Several of Clark's shipmates were decorated for their deeds that day, Clark was not. The reason: He is black, and the Navy, a very segregated service during the war, was reluctant to publicly honor a member of his race. "Racism robbed Carl of recognition," said U.S. Rep. Anna Esho, D-Calif., who urged the Navy to right that wrong.
The Navy finally did so. Secretary of the Navy Roy Mabus personally presented the Navy and Marine Corps Commendation Medal with the Combat Distinguishing Device to Clark, who was wearing his old uniform. "Simply put," Mabus said, "Clark was and is a hero." How true.
Clark joined the Navy when the only job available to him was as a steward. "Taking care of officers, feeding them their meals, cleaning their rooms, shining their shoes," Clark recalled. Clark didn't say it but all the officers he served were white. When a ship was attacked, though, stewards were expected to man a battle station. Clark answered that call.

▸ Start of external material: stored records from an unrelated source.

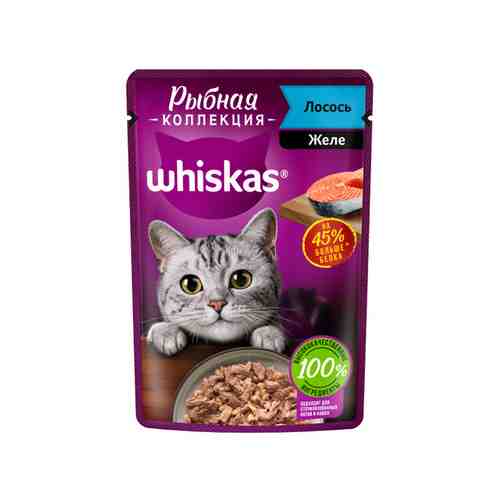 Корм Влажный для Кошек Whiskas Мясная Коллекция Лосось Пауч 75г арт. 100883955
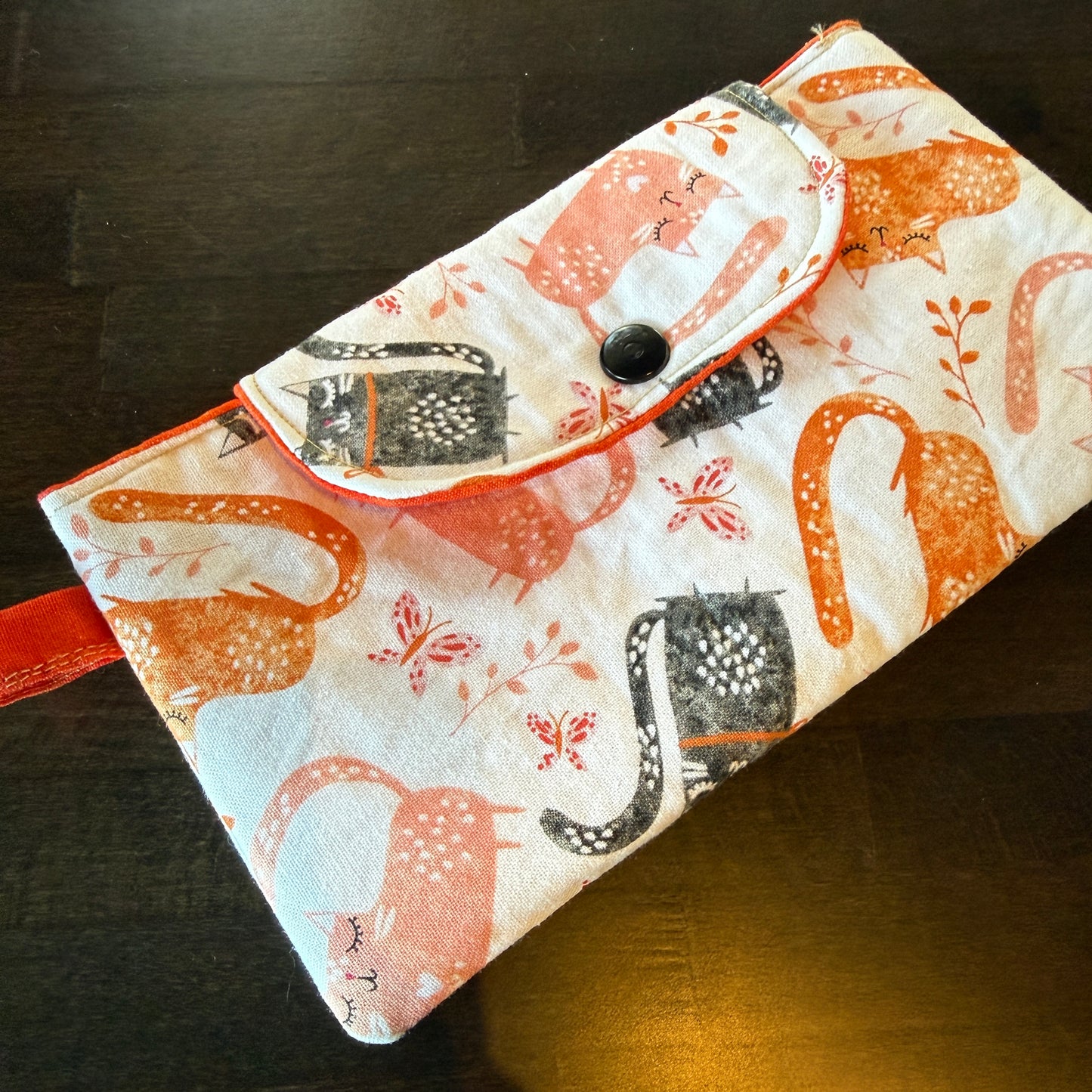 Cellphone Pouch - Cat Orange & Grey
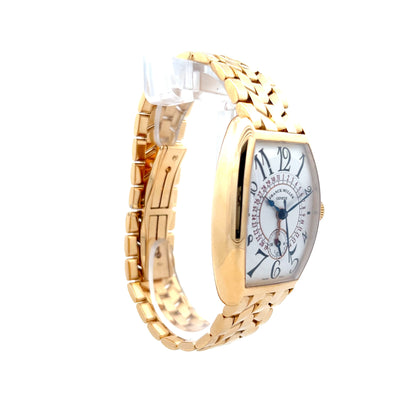 Franck Muller GMT Silver Dial Watch in 18k Yellow Gold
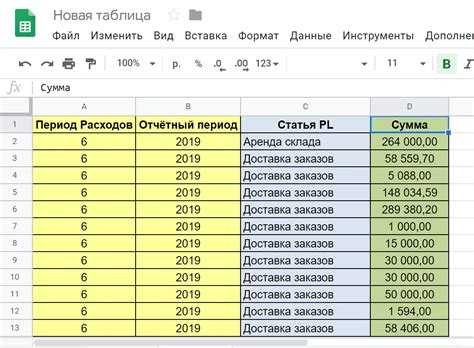 Добавление и редактирование строк и столбцов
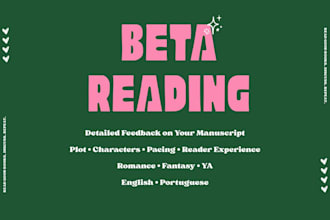 beta read your fiction manuscript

When kamikazes attacked his ship, Clark took his station as a firefighter. He was there when a plane hit the ship, blowing him across the deck and breaking his collarbone. The only survivor in his team, he continued to battle the flames alone -- an act corroborated by his captain and shipmates. He was never recognized for that brave deed.
Mabus finally put things right during the week the nation honors Dr. Martin Luther King Jr., who publicly fought the hatreds that Clark has faced in his lifetime. Clark said that he didn't think he'd live to see they day when his service was honored, adding that he was "overwhelmed" by the honor, that "it was a different country then" and that "things have changed." Thank goodness for the latter.
The honoree called attention to other blacks who served in the Navy and whose acts and deaths were never properly noted. "Those men went down with their ships," he said. "I want to share this honor with all of those men."
Clark's sentiment is apt, and serve as a powerful reminder that the historical wounds inflicted on some Americans by other Americans are sometimes slow to heal.